# 前にある



## AmaryllisBunny

Here are some sentences I have made, and was wondering which if any are correct and if they are correct, which one sounds more natural?

僕のうちの前にその学校は近くにあります。
その学校は僕のうちの前に近くにあります。

その学校は近いですが僕のうちの前　に｜も　あります。


----------



## SoLaTiDoberman

Sorry, but they are all weird and unnatural.

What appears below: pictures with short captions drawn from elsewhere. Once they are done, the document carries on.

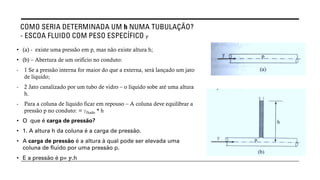 COMO SERIA DETERMINADA UM h NUMA TUBULAÇÃO?
- ESCOA FLUIDO COM PESO ESPECÍFICO ℽ
• (a) - existe uma pressão em p, mas não existe altura h;
• (b) – Abertura de um orifício no conduto:
- 1 Se a pressão interna for maior do que a externa, será lançado um jato
de líquido;
- 2 Jato canalizado por um tubo de vidro – o líquido sobe até uma altura
h.
- Para a coluna de líquido ficar em repouso – A coluna deve equilibrar a
pressão p no conduto: = ℽfluido * h
• O que é carga de pressão?
• 1. A altura h da coluna é a carga de pressão.
• A carga de pressão é a altura à qual pode ser elevada uma
coluna de fluido por uma pressão p.
• E a pressão é p= ℽ.h
 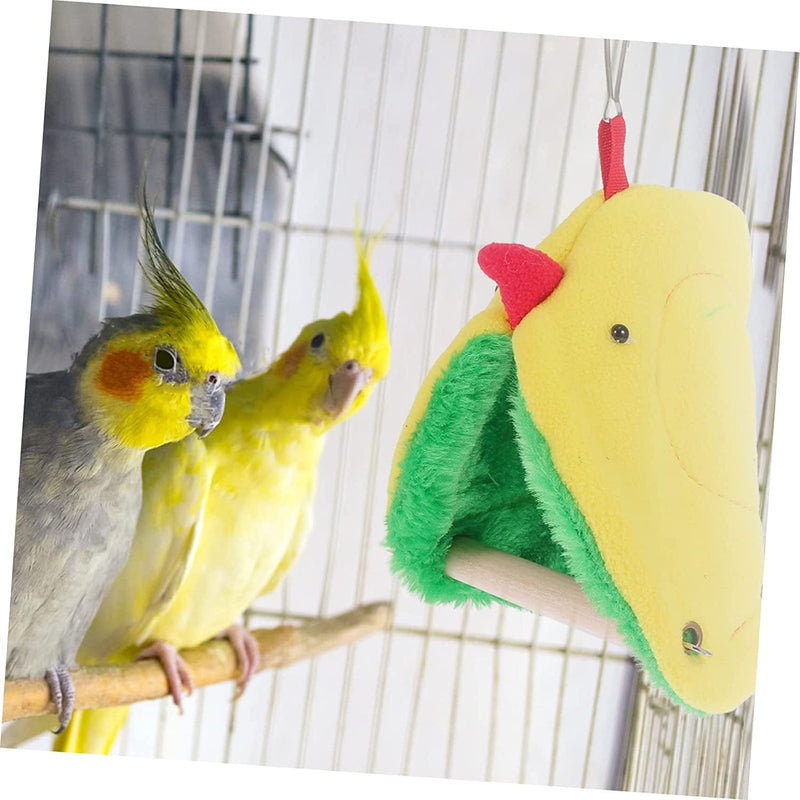 Balacoo 6 Sets Wooden Plush Triangle Tents Lovebirds Conures Sleeping Cuddle Lovebird for with Pet Finch Standing Snuggle Nests Toys Accessory Beds Perch Fleece Small Macaw Cockatiel Cave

The grammatically correct versions of your sentence would be:
僕のうちの前にある学校は、うちから近いです。
僕のうちの前にある学校は、うちの近くです。
However, they sound weird and redundant.
Because うちの前に学校があること is including 近いこと, so we usually don't say the both because of the redundancy.
In order to make it not-sound-redundant, we have to think of modifying it with the emphasis or the reasoning or something else.

For example,
その学校はうちから近いです。なにせ目の前ですから。
その学校はうちの目の前にあるので非常に近いです。　are the candidates that sound more natural.


For example,
僕のうちの目の前にある学校は、うちからはかなり遠いです。　学校の入り口が反対側にあり、とても大きな敷地なので、登校するのに10分以上かかります。 does make sense because it conveys an unexpected result from the first former half of the sentence.

edit)
If you want to know the difference between にあります and ～です, you have to provide another example sentence.

For example,
私が小学生の時に通っていた学校は、うちの近くにあります。
私が小学校の時に通っていた学校は、うちの近くです。
In this context, you can choose whichever you like. They are both natural.

Another simpler example:
私の学校はうちの近くにあります。
私の学校はうちの近くです。
Both are fine!


----------



## AmaryllisBunny

How would one say, the car in front of my dog is close?

犬の前に車から近いです。
？？？

The car in front of me is too close.
車から長誓いです。
？？？


----------



## Shiratori99

AmaryllisBunny said:


> How would one say, the car in front of my dog is close?



犬の前の車が近いです。

...is what I think that'd be. Although it begs the question, close to what?



AmaryllisBunny said:


> 犬の前に車から近いです。



I think that says whatever is in front of the dog is close to the car.



AmaryllisBunny said:


> The car in front of me is too close.



目の前の車が近すぎです。　すぎる = too much


----------



## AmaryllisBunny

The problem is, I was given a weird sentence to work with in English, which in turn ended up as a weird sentence in Japanese.


----------



## frequency

AB,
The noun school has two adverbs that describe the position: うちの前に and 近くに.
This kind of stuff is difficult, and using both is a bit confusing. The best way is to change either.

その学校は近くて、僕のうちの前にあります。
I'm using an adjective 近く, instead of the adverb 近くに.

Next,
The car is close. But you describe it more. Connect 車 + that adverbial as you did in the English sentence.
That comes prior to the car: 僕の犬の前にある車は近いです。
(In this one we use the verb ある, so this may sound like _The car that is placed in front of my dog is close._
But that's the way to say it―not a topic you have to care about now very much.)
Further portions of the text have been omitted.